[Dataset records]
____

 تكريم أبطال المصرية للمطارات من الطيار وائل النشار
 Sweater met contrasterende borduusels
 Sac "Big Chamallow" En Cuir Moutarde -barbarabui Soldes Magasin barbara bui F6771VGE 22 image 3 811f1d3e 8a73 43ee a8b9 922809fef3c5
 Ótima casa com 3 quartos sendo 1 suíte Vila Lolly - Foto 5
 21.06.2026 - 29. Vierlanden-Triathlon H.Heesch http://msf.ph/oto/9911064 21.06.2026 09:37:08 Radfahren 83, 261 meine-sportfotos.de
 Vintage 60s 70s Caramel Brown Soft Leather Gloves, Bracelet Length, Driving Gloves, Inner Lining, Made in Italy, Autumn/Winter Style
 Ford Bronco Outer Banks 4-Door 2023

____

What you need to do:
Your reply should be a verbatim retyping of the lines from the one that holds "21.06.2026 - 29." through the last line of the entries.

Solution to the exercise:
 21.06.2026 - 29. Vierlanden-Triathlon H.Heesch http://msf.ph/oto/9911064 21.06.2026 09:37:08 Radfahren 83, 261 meine-sportfotos.de
 Vintage 60s 70s Caramel Brown Soft Leather Gloves, Bracelet Length, Driving Gloves, Inner Lining, Made in Italy, Autumn/Winter Style
 Ford Bronco Outer Banks 4-Door 2023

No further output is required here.